The two examples given above can be modeled as follows
  • In the video surveillance example, M is equal to the number of pixels of the image, each vector bk is a image with a pixel equal to 1 and every thing else equal to zero and N = 0.02 M.
  • In the DTMF example, we have M=8, each bk is one of the 8 sinusoids used in DTMF and N=2
It is worth emphasizing that we know that at most N of the bk vectors will be used, but we do not know which ones.

Our goal is to be able to acquire x by doing (ideally) only N measures. What is a "measure"? In the context of compressive sensing a measurement act is usually modelled as the computation of the scalar product between x and "sensor vector" am ⟨ x, am ⟩ = ∑n xn am,n Note that if x represents any physical phenomenon we are interested in, every linear measurement done on x can be represented as a scalar product between x and a suitable "sensor vector".

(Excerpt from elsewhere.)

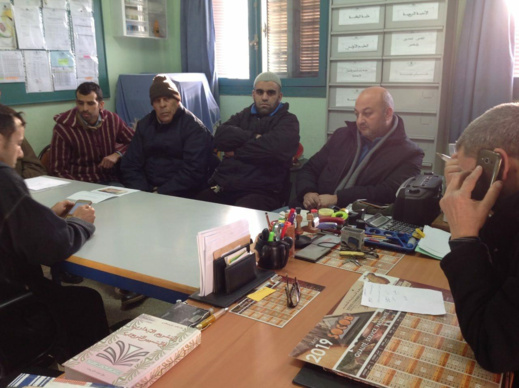 تبليط ساحة مدرسة البكري محور اجتماع لجمعية الآباء والأمهات قبيل البدء في الأشغال تبليط ساحة مدرسة البكري محور اجتماع لجمعية الآباء والأمهات قبيل البدء في الأشغال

It is immediate to check that if we knew which vectors bk are used in the linear combination for x, it would suffice to choose N linearly independent vectors am and the problem of computing x from the N measures above it would be a simple linear algebra problem. However, we do not know which vectors enter the linear combination and it is not obvious if the problem can be solved.

The surprising answer is that this problem can actually be solved, although we pay our loss of knowledge about which vectors must be selected, with the need of doing a number of measurements which is slightly larger than N. Although this result could seem surprising, it has a simple explanation which is worth seeing.

Let us consider the toy example where x is a three-dimensional vector (i.e., K=3) and suppose we know that x belongs to one of the coordinate axis. This is an example of the compressive sensing problem with N=1 and three vectors b1, b2, b3, corresponding to the three coordinate axes.

Suppose we first carry out a measure with a vector a1 = [a1,1, a1,3, a1,3] and obtain value v1 = x1 a1,1 + x3 a1,2 + x3 a1,3 As well known, the equation above is the (implicit) equation of a plane orthogonal to a1. Since we know that x belongs to one of the coordinate axes, we can deduce that x must be one of the three intersection of the plane above with the coordinate axes. It is clear that a single measure does not allows us to deduce x.

However, suppose we take a second measurement with a vector a2 = [a2,1, a2,3, a2,3] and obtain value v2 = x1 a2,1 + x3 a2,2 + x3 a2,3 Since we know that x belongs both to the plane associated with v1 and to the plane associated with v2, we can deduce that x must belong to the line resulting by the intersection of such planes. Such a line, unless a1 and a2 are chosen in a very special way, will intersect only one axis, allowing us to determine x.

This toy example can be easily generalized to larger spaces and also to "noisy" settings where x is modeled as the sum of a linear combination of vectors bk and a "noise vector" e whose components are "small". However, the description of such a more general settings is outside the scope of these introductory notes.

Applications

Compressive sensing techniques are interesting in those contexts where the signal of interest has a number of degrees of freedom much smaller than the number of samples one should take with more traditional approaches and low-complexity solution are sought. The example of the surveillance video is a standard one.

An interesting property of compressive sensing techniques is that the vectors am can be chosen in any way, even randomly, as long as they are linearly independent and known at the receiver. This can be exploited in order to construct a scheme which computes the scalar product ⟨ x, am ⟩ with a small amount of required memory. The figure shows how this can be done: the samples of x are multiplied with a pseudo-random sequence (which represents the vector am) and the resulting products are accumulated by using a first-order IIR filter. Of course, the receiver needs to know the initial state of the pseudo-random generator. Note that this scheme requires only the memory necessary to store the accumulator value and (possibly) the internal state of the pseudo-random generator. This memory requirements should be compared with, for example, the memory requirement of a standard video coder based on motion compensation which needs enough memory to store at least two video frames.